## [TO DO]
Could you filter the records below and return each line that holds "Good"?

Short descriptive text snippets
━━━━━━━━━━━━━━━━━━━━

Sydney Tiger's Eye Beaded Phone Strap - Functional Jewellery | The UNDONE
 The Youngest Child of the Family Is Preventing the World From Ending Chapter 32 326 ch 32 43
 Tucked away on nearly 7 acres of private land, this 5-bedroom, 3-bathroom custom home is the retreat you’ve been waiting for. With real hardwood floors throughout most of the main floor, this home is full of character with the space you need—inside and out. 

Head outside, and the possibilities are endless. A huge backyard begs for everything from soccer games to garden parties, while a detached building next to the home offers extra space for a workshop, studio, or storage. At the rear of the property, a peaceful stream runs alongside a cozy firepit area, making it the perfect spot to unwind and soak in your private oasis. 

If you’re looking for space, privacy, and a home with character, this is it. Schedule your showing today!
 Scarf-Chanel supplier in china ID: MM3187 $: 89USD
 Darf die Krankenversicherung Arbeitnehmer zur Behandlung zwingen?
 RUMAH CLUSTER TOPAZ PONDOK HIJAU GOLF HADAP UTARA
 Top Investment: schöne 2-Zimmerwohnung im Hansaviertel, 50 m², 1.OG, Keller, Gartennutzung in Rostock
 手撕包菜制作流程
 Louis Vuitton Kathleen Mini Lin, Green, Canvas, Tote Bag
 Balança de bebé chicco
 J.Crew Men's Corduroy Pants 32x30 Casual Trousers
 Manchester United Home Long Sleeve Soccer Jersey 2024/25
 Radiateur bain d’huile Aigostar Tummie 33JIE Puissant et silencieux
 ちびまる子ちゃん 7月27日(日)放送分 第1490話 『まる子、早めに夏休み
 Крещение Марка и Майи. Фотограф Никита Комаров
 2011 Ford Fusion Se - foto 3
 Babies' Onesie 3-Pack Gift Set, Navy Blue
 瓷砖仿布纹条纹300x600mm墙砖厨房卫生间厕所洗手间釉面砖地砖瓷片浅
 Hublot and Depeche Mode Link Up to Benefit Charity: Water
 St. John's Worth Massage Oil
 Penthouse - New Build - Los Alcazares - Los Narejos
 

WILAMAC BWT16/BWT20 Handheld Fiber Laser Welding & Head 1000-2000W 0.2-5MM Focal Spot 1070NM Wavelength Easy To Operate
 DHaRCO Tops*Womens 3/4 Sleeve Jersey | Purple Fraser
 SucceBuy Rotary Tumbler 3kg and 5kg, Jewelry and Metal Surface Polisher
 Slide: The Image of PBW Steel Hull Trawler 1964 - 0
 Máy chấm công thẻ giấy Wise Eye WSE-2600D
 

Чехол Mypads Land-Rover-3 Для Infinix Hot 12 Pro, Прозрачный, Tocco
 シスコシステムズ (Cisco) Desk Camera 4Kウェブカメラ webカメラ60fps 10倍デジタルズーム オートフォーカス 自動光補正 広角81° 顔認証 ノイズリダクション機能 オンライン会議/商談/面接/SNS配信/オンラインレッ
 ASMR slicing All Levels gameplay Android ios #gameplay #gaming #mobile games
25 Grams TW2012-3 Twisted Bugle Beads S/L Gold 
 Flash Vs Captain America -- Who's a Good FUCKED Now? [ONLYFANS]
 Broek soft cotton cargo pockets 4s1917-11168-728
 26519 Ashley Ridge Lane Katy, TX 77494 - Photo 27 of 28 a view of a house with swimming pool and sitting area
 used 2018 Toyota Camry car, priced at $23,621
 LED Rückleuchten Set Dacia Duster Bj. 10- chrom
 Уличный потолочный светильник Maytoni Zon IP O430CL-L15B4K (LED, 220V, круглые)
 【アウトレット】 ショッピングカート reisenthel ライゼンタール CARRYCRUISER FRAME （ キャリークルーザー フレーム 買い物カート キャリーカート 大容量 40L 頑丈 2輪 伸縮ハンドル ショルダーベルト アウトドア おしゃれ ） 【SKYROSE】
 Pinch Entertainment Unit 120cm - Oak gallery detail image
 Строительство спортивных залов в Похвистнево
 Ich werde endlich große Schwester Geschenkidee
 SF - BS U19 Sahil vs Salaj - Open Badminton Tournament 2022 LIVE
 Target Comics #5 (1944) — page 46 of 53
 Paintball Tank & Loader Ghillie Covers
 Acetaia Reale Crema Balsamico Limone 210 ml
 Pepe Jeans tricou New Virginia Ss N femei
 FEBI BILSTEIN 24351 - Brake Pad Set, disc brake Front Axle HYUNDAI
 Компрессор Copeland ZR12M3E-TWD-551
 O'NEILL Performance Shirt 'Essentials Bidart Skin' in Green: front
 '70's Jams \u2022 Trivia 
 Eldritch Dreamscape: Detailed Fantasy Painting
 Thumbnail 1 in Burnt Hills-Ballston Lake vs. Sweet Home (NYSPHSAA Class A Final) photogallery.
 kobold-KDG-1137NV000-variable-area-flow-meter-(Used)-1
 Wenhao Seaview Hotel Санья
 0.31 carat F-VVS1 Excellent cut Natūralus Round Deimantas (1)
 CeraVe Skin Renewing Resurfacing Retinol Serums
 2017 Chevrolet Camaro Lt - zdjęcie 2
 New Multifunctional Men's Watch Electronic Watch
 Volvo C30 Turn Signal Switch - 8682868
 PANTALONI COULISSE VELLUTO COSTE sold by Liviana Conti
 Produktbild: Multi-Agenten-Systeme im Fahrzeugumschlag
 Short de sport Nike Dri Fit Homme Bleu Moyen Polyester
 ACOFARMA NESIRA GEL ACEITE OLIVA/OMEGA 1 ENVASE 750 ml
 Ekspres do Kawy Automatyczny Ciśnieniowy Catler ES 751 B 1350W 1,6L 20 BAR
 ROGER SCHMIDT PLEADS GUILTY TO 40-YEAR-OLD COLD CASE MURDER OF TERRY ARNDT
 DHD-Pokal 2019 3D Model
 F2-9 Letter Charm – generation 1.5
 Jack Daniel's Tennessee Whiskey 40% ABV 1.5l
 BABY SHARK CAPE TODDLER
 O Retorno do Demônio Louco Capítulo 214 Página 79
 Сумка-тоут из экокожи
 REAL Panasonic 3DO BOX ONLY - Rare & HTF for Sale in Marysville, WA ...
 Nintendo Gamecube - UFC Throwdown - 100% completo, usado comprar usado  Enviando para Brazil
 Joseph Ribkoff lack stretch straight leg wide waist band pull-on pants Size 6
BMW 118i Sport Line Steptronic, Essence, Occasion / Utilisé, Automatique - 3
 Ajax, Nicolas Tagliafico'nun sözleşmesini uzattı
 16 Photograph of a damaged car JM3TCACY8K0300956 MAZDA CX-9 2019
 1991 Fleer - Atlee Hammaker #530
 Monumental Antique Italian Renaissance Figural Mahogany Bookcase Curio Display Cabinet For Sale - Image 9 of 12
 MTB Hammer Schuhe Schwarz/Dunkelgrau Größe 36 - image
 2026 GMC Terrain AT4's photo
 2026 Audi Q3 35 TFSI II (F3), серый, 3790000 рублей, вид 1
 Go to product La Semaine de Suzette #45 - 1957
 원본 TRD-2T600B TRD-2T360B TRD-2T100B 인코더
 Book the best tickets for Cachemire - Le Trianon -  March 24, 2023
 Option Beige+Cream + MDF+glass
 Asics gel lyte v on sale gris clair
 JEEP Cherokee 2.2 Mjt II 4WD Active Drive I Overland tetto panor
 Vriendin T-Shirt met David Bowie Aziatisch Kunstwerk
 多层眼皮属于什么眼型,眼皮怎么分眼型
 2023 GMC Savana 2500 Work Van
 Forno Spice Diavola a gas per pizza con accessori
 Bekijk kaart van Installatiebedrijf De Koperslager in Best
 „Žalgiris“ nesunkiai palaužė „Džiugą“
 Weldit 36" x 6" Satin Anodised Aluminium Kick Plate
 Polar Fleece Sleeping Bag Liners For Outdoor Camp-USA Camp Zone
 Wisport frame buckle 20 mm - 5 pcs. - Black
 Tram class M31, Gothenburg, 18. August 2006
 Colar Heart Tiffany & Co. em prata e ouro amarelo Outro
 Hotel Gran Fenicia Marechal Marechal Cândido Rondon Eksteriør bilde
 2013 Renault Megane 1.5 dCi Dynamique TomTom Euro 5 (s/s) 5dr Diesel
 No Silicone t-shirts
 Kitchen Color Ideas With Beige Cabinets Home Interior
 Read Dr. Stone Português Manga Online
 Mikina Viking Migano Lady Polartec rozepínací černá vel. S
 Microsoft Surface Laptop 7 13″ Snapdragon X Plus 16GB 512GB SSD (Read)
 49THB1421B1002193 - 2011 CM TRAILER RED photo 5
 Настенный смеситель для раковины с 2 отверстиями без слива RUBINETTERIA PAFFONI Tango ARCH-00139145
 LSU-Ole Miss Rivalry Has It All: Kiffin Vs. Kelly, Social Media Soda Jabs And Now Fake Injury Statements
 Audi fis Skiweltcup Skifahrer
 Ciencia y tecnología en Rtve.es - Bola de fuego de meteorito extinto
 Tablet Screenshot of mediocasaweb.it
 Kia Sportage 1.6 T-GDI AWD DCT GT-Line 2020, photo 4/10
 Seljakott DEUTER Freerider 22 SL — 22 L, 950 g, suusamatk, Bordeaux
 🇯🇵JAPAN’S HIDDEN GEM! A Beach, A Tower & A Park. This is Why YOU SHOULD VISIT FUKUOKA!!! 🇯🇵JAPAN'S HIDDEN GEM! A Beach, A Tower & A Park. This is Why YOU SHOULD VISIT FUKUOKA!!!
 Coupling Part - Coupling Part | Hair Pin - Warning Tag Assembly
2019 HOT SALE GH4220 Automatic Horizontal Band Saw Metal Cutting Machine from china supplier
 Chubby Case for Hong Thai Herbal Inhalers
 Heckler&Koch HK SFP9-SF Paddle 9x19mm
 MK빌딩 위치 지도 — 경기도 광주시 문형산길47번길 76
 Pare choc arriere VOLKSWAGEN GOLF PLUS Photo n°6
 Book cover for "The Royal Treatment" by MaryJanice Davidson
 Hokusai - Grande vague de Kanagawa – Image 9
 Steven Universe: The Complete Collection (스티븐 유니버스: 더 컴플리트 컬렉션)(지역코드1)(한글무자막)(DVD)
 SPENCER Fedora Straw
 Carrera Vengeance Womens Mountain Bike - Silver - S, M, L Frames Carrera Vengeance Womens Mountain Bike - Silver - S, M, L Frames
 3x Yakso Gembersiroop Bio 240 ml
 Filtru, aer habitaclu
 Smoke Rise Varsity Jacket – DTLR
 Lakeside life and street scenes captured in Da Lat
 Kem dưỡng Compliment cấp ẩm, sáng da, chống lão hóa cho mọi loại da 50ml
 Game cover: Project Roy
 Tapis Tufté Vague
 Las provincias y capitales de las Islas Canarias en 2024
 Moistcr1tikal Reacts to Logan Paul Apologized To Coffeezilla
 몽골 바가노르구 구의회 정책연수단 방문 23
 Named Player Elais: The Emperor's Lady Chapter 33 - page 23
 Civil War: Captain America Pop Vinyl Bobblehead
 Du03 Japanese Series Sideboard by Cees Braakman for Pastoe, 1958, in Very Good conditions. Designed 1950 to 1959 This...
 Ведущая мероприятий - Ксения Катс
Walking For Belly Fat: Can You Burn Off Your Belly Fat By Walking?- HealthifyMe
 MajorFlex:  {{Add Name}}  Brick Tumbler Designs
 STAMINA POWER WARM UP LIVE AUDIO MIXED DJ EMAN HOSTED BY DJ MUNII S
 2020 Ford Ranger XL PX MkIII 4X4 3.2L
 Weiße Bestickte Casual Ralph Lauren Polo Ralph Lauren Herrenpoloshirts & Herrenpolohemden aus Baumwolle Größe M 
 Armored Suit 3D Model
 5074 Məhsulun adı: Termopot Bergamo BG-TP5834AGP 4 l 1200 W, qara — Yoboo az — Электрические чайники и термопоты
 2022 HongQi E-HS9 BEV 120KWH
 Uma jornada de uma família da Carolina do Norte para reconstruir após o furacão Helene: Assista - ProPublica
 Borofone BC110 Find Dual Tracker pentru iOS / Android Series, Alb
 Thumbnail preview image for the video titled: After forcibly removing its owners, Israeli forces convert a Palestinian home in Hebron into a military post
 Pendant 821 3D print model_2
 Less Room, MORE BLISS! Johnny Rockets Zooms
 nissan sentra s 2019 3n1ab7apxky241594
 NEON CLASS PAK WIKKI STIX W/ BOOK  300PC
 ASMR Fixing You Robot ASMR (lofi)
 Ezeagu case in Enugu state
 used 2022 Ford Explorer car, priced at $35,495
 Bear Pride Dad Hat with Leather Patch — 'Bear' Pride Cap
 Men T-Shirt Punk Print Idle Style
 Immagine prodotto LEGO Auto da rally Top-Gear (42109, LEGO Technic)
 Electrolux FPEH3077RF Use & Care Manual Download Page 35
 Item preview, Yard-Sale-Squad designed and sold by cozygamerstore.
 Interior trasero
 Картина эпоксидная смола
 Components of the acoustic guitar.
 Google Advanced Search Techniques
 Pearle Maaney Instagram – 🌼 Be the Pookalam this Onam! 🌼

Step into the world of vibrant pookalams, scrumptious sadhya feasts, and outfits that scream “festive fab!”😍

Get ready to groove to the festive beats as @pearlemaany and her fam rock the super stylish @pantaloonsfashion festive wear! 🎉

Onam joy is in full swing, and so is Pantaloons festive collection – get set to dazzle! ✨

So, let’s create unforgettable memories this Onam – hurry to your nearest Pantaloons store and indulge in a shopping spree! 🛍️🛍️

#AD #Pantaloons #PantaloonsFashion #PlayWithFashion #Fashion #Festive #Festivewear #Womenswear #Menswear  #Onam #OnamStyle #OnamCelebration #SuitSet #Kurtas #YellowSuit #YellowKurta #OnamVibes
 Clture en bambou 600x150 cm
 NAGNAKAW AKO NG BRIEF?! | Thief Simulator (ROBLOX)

━━━━━━━━━━━━━━━━━━━━

## [EXERCISE ANSWER]
 Flash Vs Captain America -- Who's a Good FUCKED Now? [ONLYFANS]
 Du03 Japanese Series Sideboard by Cees Braakman for Pastoe, 1958, in Very Good conditions. Designed 1950 to 1959 This...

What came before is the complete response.